Foto: dpa Picture-Alliance / Xinhua News Agency/Victor
Am Freitag, dem 22. 7. 2022, berichtet Energoatom, Betreiber von Europas größtem Kernkraftwerk Saporischschja in der Ukraine, erstmals, dass Militärausrüstung, Sprengstoff und Waffen im Maschinenhaus von Block 1 lagern. Anmerkung: Russische Truppen haben das KKW besetzt, betrieben wird es weiterhin von der ukrainischen Betriebsmannschaft.
- Dann, am Mittwoch, dem 3. 8., ein Bericht aus den USA: Russland würde das KKW als Schutzschild nutzen, also aus der Nähe der Anlage auf ukrainische Kräfte schießen.

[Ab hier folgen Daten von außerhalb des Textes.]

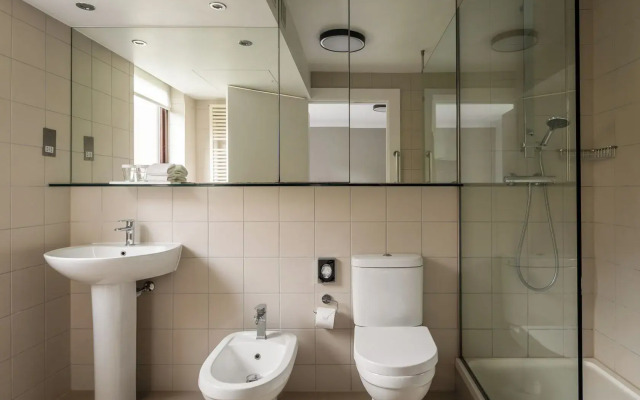Monarch House Serviced Apartments
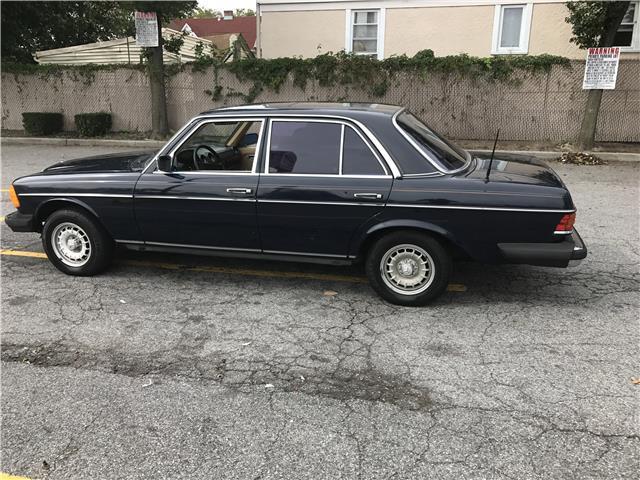 1983 Mercedes-Benz 300-Series 300D-T - photo 8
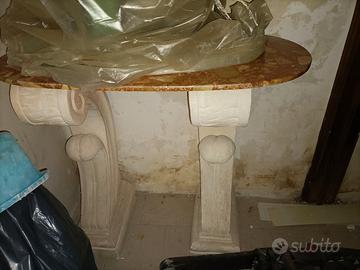 tavolino in marmo con colonne doriche 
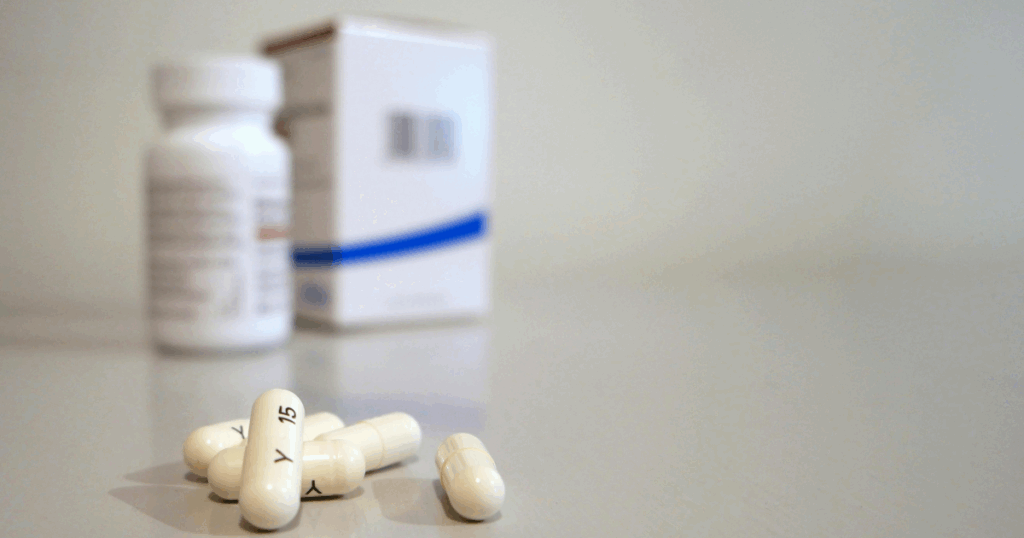 Zofran medication: Pills, bottle, and box, illustrating the use of Zofran. Discuss risks of Zofran and alcohol combinations.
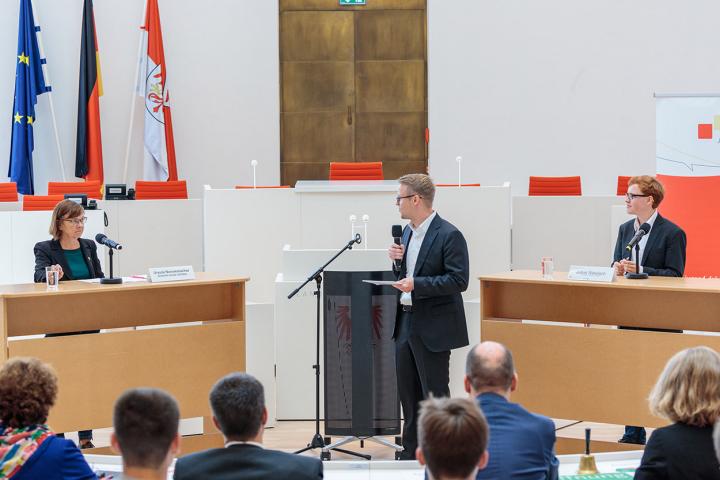 Ursula Nonnemacher (l.) von GRÜNE/B90 und Julius Niewisch (r.) während der 1. Debatte 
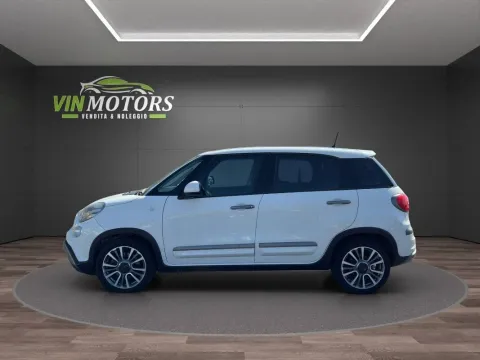 Fiat 500L 1.6 mjt Trekking 120cv E6 - Immagine 2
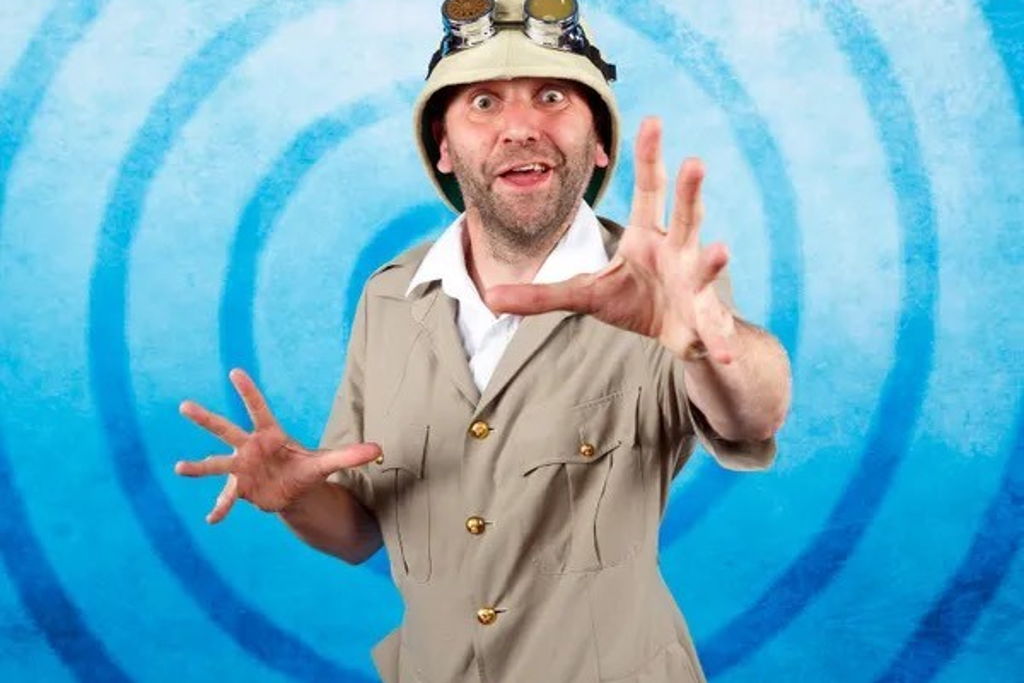 Professor Elemental & Laurie Black: Steampunk Beats Invade Nottingham!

- Freitag, 5. 8.: Die ukrainische Nuklearaufsichtsbehörde SNRIU meldet, auch in der Turbinenhalle von Block 2 sei militärisches Equipment untergebracht.
- 6. 8.: Artilleriegranaten schlagen in unmittelbarer Nähe des Kraftwerks ein. Beschädigt wird die Stickstoff-Sauerstoff-Station in einem Nebengebäude und die 380-kV-Leitung zum benachbarten Heizkraftwerk.
- 8. 8.: Energoatom berichtet über erneuten Beschuss. Ziele waren ein Trockenlager – dort lagern 174 Behälter mit abgebrannten Kernbrennstäben – und drei Sensoren zur Strahlenmessung im Umfeld des Lagers.
- 10. 8.: Russland stationiert Flugabwehr auf dem Kraftwerksgelände und bietet gleichzeitig der IAEA an, das Gelände zu besuchen – eine Forderung, die die Internationale Energieagentur (IAEA) seit Monaten vergeblich erhoben hatte.
Ein Atomkraftwerk als Schutzschild für die Artillerie deckt die Risiken der Technik auf
„Grave concern“ – ernste Besorgnis – bringt der Generaldirektor der IAEA, Rafael Grossi, angesichts dieser Nachrichten zum Ausdruck. Nicht zum ersten Mal seit Beginn des Krieges, damals ging es um das KKW Tschernobyl. Eine Hochrisikotechnologie wie ein Kernkraftwerk als Schutzschild für die eigene Artillerie zu benutzen, gibt die ganze Menschenverachtung wider, mit der im Krieg agiert wird. Wenn es denn stimmt.
Die Nachricht sagt uns auch etwas für die deutsche Debatte zur Verlängerung der drei letzten noch in Betrieb befindlichen KKW.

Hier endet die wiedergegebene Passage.